Can it be corrected? Here's a thought experiment: suppose I fit the above graph to a spline to create a calibration correction and then define a new model which is equal to the old model but with the output passed through the calibration correction. I then use this new model in the linear program to make decisions. What happens? In particular, will the calibration plot going forward look better?
I'm not sure what would happen. It feels like the linear program will be fighting my attempts to calibrate by continuing to prefer overestimates to underestimates, essentially forcing me to systematically underestimate in order to calibrate the extreme values. At that point the linear program could switch to using other (ranges of) estimates and I could end up playing a game of whack-a-mole.
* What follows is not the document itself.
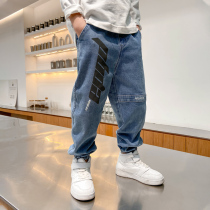 Boys autumn jeans 2021 new fashion childrens clothing Western style casual Korean version of boys spring and autumn handsome trousers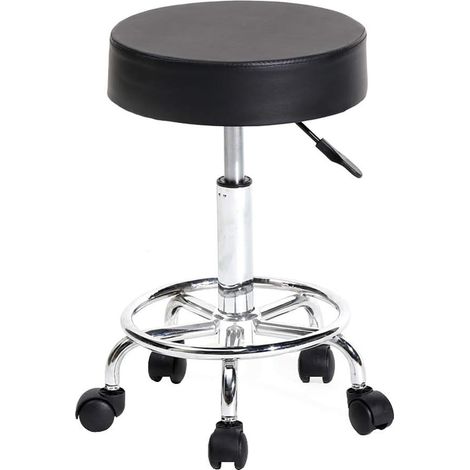 Rollhocker, Drehstuhl, höhenverstellbar, Rolldrehstuhl, robuste Metallbasis für Salon, Massage, Fabrik, Geschäft (schwarz)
If this is true, perhaps a way to proceed is to make a small fraction of decisions obliviously (e.g., by assigning them a random score and mixing them in) and only use those decisions to calibrate the model.
Less pessimistically, I do suspect that some convex combination of the old (uncorrected) and new (corrected) model would appear more calibrated in the sense of the above graph.
Should it be corrected? This is the big question: will the business metrics associated with this decision problem improve if the above graph is made to look more like $y = x$? It's not clear to me, because the above graph basically represents extreme values: we don't see what's happening with the decisions that are not taken. Maybe the answer is yes, because the underestimation pattern looks systematic enough that it might be a characteristic of the linear program we are solving: in that case, calibrating the extreme values and screwing up the mean could still be a good thing to do. Maybe the answer is no, because the underestimation pattern is a characteristic of a calibrated estimator coupled with a linear program, and by attempting to correct it the linear program ends up getting the wrong information to make decisions.
Well we'll be running a live test related to this calibration issue so hopefully I'll have more to say about this issue in the next few weeks.